**MATERIAL FOR THIS TASK**:

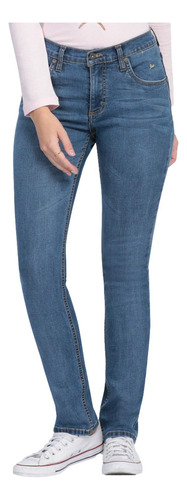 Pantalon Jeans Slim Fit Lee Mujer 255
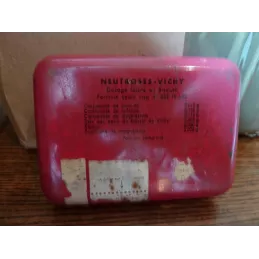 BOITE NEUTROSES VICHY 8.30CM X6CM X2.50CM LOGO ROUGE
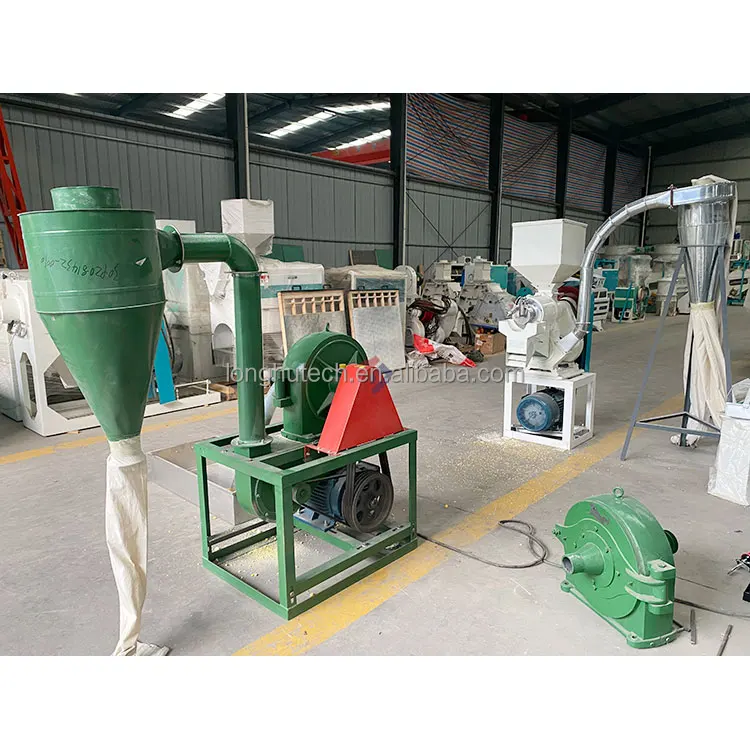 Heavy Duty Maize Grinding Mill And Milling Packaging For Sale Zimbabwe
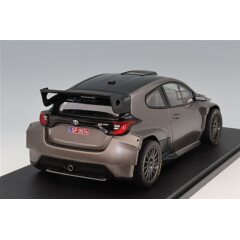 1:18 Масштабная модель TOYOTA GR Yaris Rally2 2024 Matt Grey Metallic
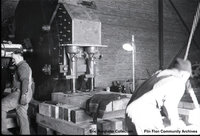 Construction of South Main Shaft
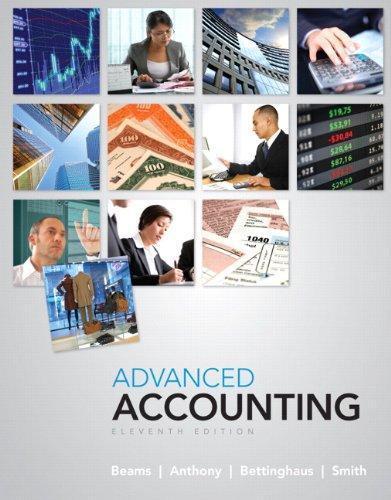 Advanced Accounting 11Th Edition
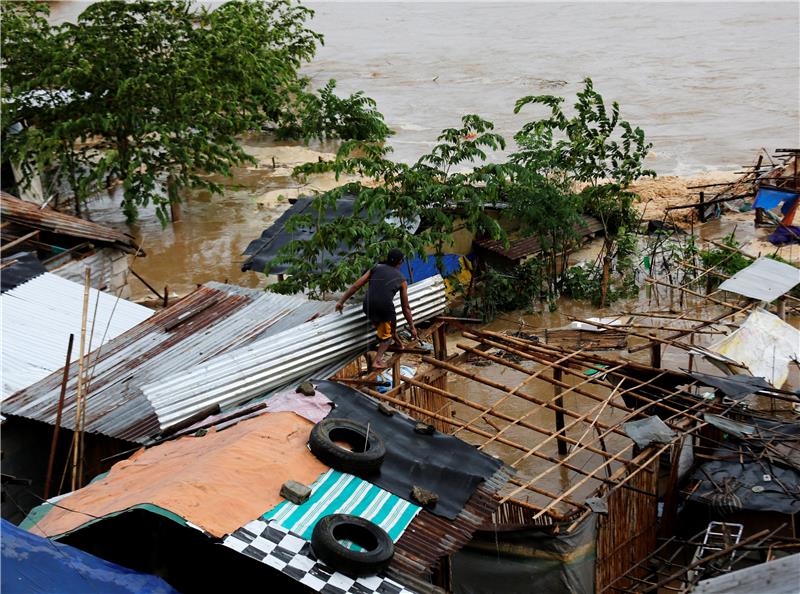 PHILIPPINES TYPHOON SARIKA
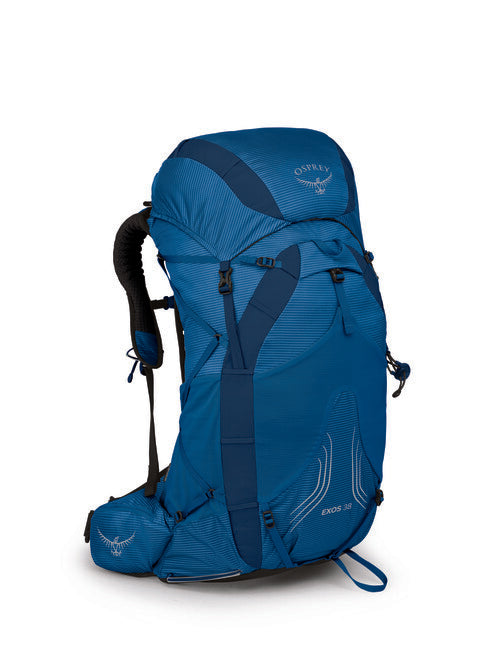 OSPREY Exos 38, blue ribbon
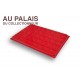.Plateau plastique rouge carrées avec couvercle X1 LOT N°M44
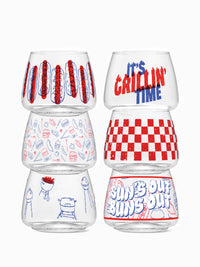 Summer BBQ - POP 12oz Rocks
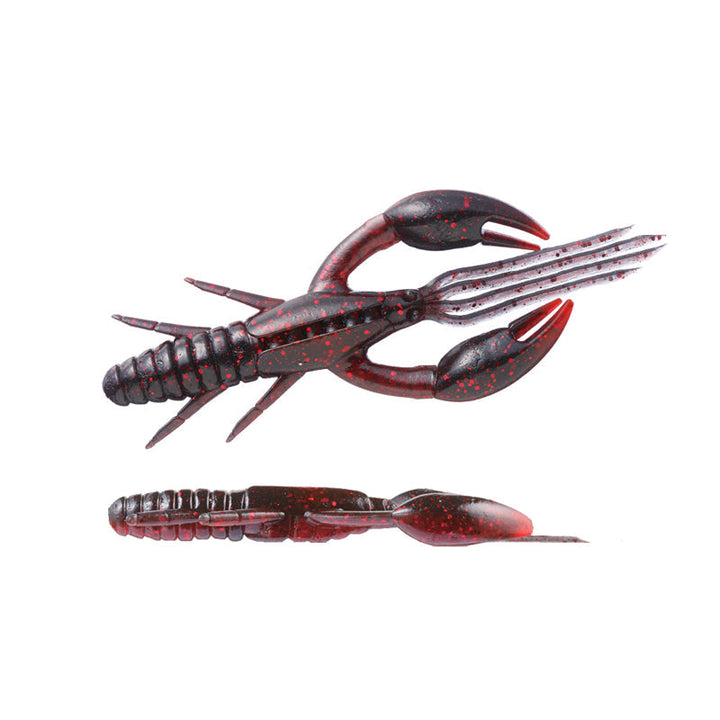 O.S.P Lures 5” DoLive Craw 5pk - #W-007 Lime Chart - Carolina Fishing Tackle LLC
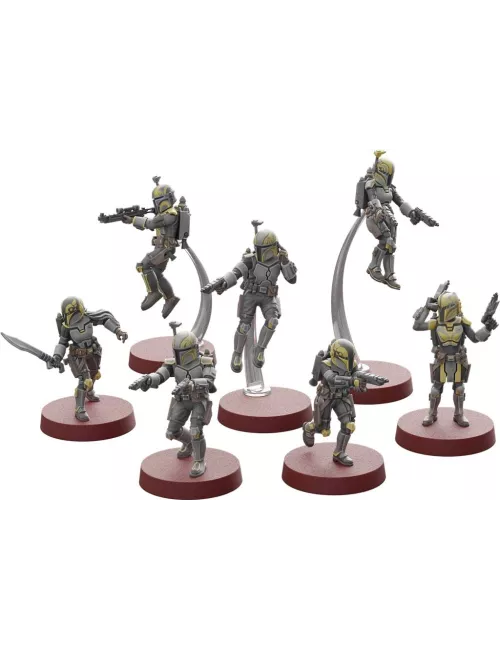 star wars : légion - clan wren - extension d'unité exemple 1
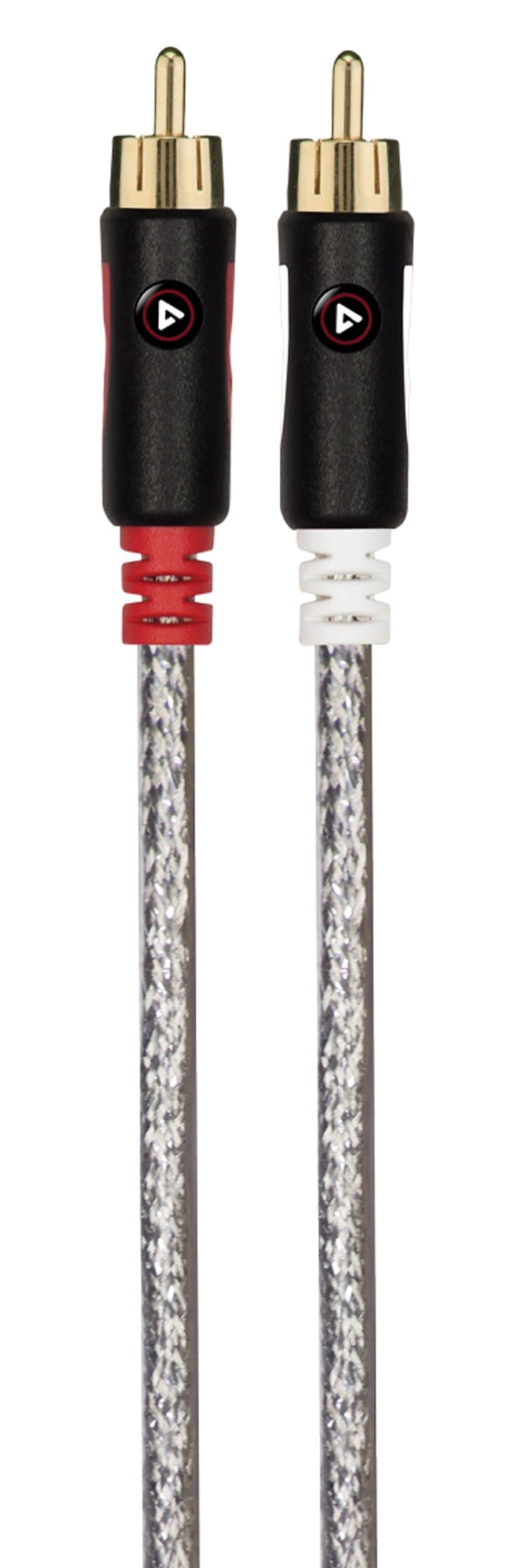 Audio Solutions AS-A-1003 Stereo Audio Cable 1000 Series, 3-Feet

--

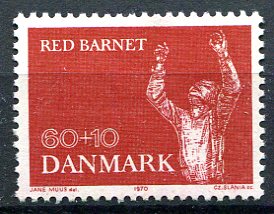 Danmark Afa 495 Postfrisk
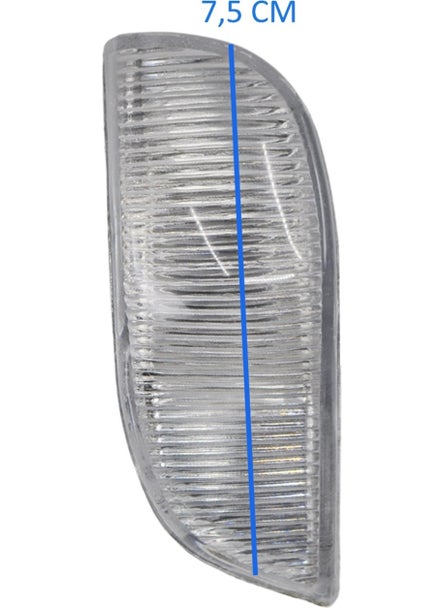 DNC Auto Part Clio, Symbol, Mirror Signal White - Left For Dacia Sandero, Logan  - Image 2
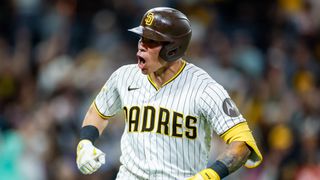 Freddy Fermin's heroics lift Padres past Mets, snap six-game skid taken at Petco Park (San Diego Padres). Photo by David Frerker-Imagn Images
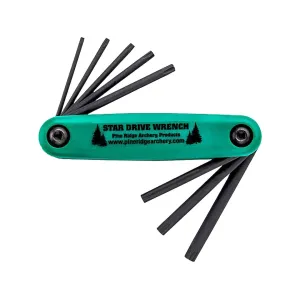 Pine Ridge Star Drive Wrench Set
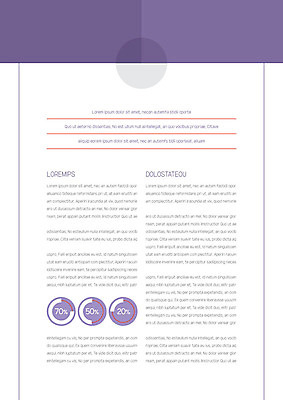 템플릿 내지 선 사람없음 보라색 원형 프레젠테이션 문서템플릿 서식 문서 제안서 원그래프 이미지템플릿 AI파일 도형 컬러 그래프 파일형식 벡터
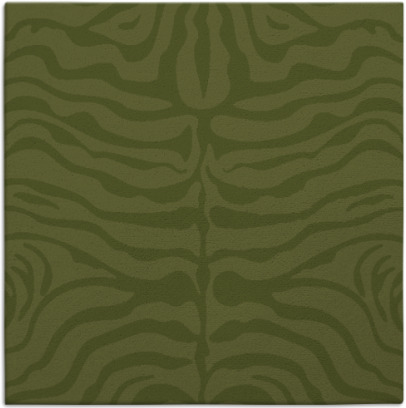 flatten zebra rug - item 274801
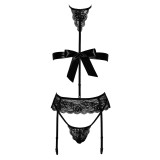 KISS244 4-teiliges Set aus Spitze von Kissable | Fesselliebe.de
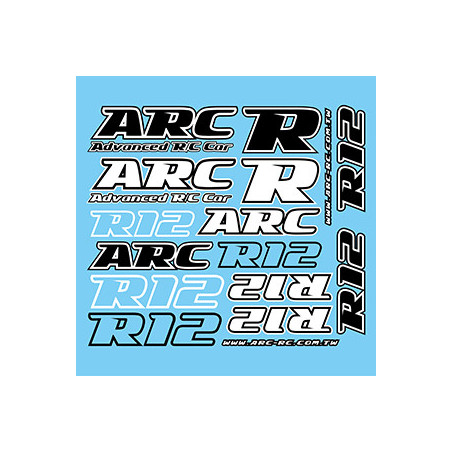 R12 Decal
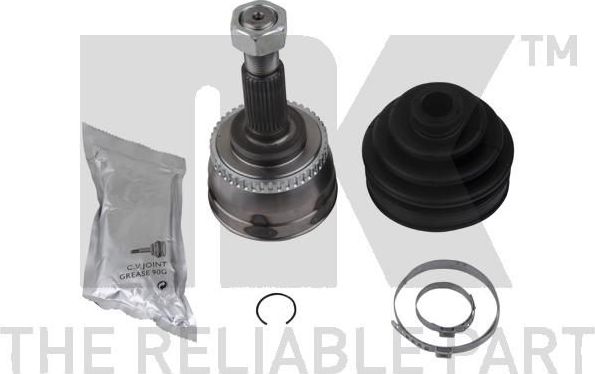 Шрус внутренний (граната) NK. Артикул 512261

**YOUR INSTRUCTIONS**: Give again the stretch of lines above from the one with "Freddy Fermin's heroics" through the one with "Шрус внутренний (граната) NK. Артикул 512261", both ends kept, and copy no pictures.

**TASK RESPONSE**:
 Freddy Fermin's heroics lift Padres past Mets, snap six-game skid taken at Petco Park (San Diego Padres). Photo by David Frerker-Imagn Images
 Pine Ridge Star Drive Wrench Set
 템플릿 내지 선 사람없음 보라색 원형 프레젠테이션 문서템플릿 서식 문서 제안서 원그래프 이미지템플릿 AI파일 도형 컬러 그래프 파일형식 벡터
 flatten zebra rug - item 274801
 KISS244 4-teiliges Set aus Spitze von Kissable | Fesselliebe.de
 R12 Decal
 Шрус внутренний (граната) NK. Артикул 512261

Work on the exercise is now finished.